Unfortunately, the probabilities of events of interest in predictive modeling are typically very rare (a fact that makes them so well suited to modeling in the first place!) and analysts can seldom afford such compromises between correct and incorrect classification, meaning we need to be cognizant of the difference between True Positives and False Positives in order to make an informed decision about our tolerance for both. Below, Figure 2 plots the exact same curve as in Figure 1 above (including the same underlying data and model), but we have lowered the probability threshold considerably to reflect a very rare event – perhaps a rare disease. Note the change to Specificity and Sensitivity between Figures 1 and 2:
At a probability threshold of 0.003, this classifier achieves very high Sensitivity and Specificity, meaning it’s very good at detecting signal and minimizing noise.
It’s very important to note at this point that adjusting the probability threshold to optimize Sensitivity and Specificity may not improve overall accuracy, it simply “shifts” the incorrect classifications between either False Positive (aka Type I error) or False Negative (aka Type II error). As an example, see the two confusion matrices below:
In both examples above, the total population of 100,187 people were classified with 99.9% accuracy (thanks in large part to the True Negatives – this is a very rare event), however Sensitivity varies significantly. In Table 4, Sensitivity suffers due to the large number of False Negatives, whereas in Table 5 this ratio is much higher even though the model makes the same number of misclassifications in each example (105).
So where does that leave us? How should we evaluate our predictive models knowing a choice needs to be made between two different kinds of misclassifications? The answer relates directly to the domain for which we’re building the predictive model in the first place. If our intention is to evaluate a classifier that will be used to diagnose cancer or in airport security screening, it makes sense to accept the cost of more False Positives (Type I errors) in return for the benefit of detecting as many tumors or security risks as possible. Likewise, in nonprofit fundraising, it can be argued that we should favor False Positives over False Negatives in most instances.

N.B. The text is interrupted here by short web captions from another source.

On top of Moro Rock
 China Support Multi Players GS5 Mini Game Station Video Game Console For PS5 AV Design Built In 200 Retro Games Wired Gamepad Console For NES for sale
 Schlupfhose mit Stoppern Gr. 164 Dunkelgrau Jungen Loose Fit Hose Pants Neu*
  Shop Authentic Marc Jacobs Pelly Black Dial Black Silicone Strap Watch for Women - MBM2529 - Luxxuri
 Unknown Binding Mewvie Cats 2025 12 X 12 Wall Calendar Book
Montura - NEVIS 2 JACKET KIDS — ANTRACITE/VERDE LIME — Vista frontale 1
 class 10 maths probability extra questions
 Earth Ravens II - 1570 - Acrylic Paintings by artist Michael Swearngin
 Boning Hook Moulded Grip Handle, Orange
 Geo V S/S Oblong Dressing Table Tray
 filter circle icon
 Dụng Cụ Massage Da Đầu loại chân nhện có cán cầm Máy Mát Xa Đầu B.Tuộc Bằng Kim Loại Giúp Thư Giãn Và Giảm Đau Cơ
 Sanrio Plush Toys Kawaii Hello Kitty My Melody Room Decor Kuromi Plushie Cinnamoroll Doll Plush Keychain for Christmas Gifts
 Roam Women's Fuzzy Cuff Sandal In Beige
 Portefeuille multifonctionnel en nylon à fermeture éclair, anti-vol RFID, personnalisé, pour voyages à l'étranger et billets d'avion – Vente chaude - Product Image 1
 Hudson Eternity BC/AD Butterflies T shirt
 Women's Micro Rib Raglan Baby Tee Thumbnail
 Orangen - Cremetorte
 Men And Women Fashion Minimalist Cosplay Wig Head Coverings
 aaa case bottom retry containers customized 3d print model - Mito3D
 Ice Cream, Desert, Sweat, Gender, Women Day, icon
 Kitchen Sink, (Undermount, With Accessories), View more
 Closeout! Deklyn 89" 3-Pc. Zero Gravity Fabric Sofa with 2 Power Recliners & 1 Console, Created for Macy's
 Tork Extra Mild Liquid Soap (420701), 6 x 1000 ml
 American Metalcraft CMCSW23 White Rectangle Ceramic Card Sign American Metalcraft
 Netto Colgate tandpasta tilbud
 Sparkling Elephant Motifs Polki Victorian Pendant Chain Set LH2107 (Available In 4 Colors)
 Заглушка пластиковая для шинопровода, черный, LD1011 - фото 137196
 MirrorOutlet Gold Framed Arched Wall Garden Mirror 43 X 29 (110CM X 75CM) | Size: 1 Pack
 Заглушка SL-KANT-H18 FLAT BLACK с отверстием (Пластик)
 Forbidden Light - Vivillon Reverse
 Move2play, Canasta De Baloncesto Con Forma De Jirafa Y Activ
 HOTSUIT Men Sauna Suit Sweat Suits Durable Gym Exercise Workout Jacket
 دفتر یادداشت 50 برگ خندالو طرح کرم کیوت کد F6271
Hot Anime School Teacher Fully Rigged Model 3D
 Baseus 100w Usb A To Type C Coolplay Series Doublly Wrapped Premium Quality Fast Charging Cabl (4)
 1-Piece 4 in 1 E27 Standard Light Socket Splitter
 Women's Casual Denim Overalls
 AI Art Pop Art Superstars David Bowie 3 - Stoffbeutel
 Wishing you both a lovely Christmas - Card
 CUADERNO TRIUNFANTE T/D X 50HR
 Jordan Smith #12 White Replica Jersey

If we build a model to predict donor acquisition, the cost (both literal and figurative) of predicting that someone will become a donor who ends up not doing so is much lower than the cost of overlooking someone who would otherwise donate simply based on a misclassification. There are important caveats to this, and the statement above may not hold true in all cases, but hopefully this is an illustrative example of the importance of thinking through all the possible outcomes of a binary classifier, knowing how to use the ROC curve and AUC statistic to evaluate different models, and understanding the trade-off between Type I and Type II errors. At the very least, perhaps you learned some WWII trivia. Happy modeling!